THE TASK: All lines from the opening of the entries below through the line containing "A multi-level hotel" must be output exactly as they appear, with no other lines.

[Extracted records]
☆ ☆ ☆ ☆ ☆ ☆ ☆

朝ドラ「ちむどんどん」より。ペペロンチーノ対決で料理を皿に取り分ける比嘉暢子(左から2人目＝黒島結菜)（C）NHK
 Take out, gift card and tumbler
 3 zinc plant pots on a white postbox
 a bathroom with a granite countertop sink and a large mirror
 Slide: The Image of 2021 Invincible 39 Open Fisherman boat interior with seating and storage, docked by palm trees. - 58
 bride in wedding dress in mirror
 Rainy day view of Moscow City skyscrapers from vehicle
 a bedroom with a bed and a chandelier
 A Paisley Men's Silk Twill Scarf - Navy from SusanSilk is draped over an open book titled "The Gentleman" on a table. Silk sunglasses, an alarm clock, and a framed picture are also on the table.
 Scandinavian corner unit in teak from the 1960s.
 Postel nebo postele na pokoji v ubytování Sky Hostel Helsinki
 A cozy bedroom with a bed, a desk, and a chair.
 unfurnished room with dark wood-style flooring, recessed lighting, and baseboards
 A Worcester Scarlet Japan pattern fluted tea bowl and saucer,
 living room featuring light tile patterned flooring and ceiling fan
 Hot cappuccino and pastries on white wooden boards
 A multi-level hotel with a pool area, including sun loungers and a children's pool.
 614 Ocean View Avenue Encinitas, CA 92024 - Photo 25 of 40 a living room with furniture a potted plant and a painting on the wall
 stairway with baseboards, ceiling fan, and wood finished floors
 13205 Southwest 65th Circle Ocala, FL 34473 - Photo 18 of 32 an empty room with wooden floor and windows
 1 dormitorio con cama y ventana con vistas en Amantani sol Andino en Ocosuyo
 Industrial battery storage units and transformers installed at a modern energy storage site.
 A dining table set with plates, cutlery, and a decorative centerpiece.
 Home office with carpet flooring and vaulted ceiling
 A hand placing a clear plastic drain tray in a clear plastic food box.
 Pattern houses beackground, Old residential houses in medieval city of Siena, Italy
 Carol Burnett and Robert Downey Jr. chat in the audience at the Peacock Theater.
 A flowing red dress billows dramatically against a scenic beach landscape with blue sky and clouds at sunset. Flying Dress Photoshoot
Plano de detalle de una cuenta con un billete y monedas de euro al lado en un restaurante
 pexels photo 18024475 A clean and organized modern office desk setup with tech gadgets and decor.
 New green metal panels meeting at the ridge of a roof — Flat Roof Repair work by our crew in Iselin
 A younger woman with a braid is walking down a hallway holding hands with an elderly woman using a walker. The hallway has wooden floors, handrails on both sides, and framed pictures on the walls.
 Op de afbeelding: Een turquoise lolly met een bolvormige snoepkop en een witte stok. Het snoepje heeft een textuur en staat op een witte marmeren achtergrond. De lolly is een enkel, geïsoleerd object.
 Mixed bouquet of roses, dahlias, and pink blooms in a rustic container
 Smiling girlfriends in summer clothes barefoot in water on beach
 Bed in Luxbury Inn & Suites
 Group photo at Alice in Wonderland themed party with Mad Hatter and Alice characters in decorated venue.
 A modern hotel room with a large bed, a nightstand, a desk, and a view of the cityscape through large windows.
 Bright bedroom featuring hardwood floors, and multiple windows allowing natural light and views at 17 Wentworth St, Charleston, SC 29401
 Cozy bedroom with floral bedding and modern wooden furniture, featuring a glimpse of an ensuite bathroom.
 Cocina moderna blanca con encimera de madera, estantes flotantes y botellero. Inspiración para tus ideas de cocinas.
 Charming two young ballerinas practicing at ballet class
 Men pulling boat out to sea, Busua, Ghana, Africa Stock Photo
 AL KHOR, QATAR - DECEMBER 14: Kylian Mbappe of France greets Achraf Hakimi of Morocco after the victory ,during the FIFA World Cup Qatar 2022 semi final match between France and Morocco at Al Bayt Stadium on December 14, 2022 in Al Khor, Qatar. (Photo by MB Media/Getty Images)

☆ ☆ ☆ ☆ ☆ ☆ ☆

FINAL ANSWER:
朝ドラ「ちむどんどん」より。ペペロンチーノ対決で料理を皿に取り分ける比嘉暢子(左から2人目＝黒島結菜)（C）NHK
 Take out, gift card and tumbler
 3 zinc plant pots on a white postbox
 a bathroom with a granite countertop sink and a large mirror
 Slide: The Image of 2021 Invincible 39 Open Fisherman boat interior with seating and storage, docked by palm trees. - 58
 bride in wedding dress in mirror
 Rainy day view of Moscow City skyscrapers from vehicle
 a bedroom with a bed and a chandelier
 A Paisley Men's Silk Twill Scarf - Navy from SusanSilk is draped over an open book titled "The Gentleman" on a table. Silk sunglasses, an alarm clock, and a framed picture are also on the table.
 Scandinavian corner unit in teak from the 1960s.
 Postel nebo postele na pokoji v ubytování Sky Hostel Helsinki
 A cozy bedroom with a bed, a desk, and a chair.
 unfurnished room with dark wood-style flooring, recessed lighting, and baseboards
 A Worcester Scarlet Japan pattern fluted tea bowl and saucer,
 living room featuring light tile patterned flooring and ceiling fan
 Hot cappuccino and pastries on white wooden boards
 A multi-level hotel with a pool area, including sun loungers and a children's pool.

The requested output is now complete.